Engineering Early Advantage Program Gave This Student a Head Start
Score another one for Old Dominion University's Engineering Early Advantage Program (EEAP).
The four-week program is aimed at getting admitted female engineering students acclimated to the difficult academics and male-dominated environment of the Frank Batten College of Engineering and Technology.
Along with other efforts to promote engineering to female students, the program has helped lift the number of women in ODU's engineering programs to 15 percent, up from 11 percent only a few years earlier.
Success stories like Alicia Farrow can only help. A 2009 graduate in civil engineering, Farrow is one of 13 Hampton Roads students who have benefitted from the Integrated Internship Program of the Norfolk District of the Army Corps of Engineers.
Farrow, who went through the EEAP program before her freshman year, is currently working on her master's in civil engineering from ODU.
In her time with the Corps of Engineers, Farrow assisted project managers with various tasks, such as updating the dredging information system. She got a first-hand look at Corps of Engineers sites such as the Craney Island Dredged Material Management Area, an economical and environmentally sustainable repository for material dredged within the Hampton Roads harbor.
Whenever possible, the District uses dredged material for beach nourishment, habitat restoration, oyster ground restoration, marsh creation or other environmental efforts.
"The best thing about my internship is that the experience is transferrable. I am able to apply some of what I've learned from my classes to my work. I'm even able to take what I learned here and apply it to my school work," Farrow said.
Beverly Forbes, director of experiential education and liaison to the Batten College Career Management Center, said Farrow is a fine example of the quality of students who have been part of the EEAP.

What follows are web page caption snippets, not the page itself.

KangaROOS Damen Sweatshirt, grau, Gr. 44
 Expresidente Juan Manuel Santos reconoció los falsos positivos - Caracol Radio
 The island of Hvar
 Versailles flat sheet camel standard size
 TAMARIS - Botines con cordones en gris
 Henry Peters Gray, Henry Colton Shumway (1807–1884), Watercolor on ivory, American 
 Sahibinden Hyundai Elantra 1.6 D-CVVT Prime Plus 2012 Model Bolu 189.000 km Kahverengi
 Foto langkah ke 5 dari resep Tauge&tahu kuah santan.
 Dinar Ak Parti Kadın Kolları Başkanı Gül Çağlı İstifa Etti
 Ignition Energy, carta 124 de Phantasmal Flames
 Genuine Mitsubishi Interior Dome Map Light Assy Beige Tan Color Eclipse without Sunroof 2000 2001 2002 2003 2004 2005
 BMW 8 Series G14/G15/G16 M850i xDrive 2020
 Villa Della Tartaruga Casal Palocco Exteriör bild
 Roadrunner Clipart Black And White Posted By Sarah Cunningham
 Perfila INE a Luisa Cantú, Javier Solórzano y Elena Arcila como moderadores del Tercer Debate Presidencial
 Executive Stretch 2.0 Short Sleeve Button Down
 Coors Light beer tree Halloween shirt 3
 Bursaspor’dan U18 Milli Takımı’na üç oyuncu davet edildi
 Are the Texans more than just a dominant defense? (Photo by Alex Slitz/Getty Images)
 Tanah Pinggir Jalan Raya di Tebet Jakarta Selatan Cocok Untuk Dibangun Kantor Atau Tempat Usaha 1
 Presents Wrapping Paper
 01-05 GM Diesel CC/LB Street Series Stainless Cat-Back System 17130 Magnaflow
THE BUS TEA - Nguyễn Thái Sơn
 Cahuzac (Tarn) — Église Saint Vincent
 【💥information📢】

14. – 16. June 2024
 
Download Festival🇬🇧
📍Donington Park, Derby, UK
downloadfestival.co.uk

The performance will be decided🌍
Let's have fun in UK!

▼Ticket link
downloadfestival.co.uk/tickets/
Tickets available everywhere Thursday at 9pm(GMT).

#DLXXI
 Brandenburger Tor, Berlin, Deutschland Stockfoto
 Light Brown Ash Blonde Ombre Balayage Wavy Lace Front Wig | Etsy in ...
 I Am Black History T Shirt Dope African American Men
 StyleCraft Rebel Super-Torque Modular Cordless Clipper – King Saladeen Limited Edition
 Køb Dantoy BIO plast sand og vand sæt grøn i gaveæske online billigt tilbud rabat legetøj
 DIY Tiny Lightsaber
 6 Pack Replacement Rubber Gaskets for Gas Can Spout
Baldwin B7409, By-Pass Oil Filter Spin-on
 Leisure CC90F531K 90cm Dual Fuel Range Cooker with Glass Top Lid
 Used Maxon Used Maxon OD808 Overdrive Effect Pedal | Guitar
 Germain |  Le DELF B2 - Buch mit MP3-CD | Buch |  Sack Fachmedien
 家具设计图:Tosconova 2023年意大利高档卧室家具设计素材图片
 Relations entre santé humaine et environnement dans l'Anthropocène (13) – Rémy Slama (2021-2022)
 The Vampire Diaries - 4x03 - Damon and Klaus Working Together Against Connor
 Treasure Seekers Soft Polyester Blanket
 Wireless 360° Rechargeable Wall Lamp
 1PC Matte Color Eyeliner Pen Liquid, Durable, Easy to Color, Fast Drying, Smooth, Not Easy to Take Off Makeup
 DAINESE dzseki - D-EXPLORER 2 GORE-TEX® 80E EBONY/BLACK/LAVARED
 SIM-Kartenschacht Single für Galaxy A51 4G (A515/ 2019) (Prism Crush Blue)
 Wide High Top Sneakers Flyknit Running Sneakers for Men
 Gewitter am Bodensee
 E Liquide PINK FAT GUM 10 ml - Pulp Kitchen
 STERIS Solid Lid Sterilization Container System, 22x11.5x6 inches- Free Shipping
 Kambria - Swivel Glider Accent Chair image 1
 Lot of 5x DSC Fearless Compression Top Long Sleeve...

"I believe it is important to continue programs like the EEAP to ensure that we have excellent female engineering graduates who go on to do great things within their profession," Forbes said.
Farrow completed her internship this past summer, when she was promoted to civil engineer. Among her last duties as an intern, she completed a hydrographic survey techniques course in St. Louis.
Some of Farrow's new duties as a civil engineer include becoming district project manager for the Tangier Channels Federal Navigation projects, and the Tangier Island Section 107 Jetty project.
Her next career goal is to become a licensed professional engineer.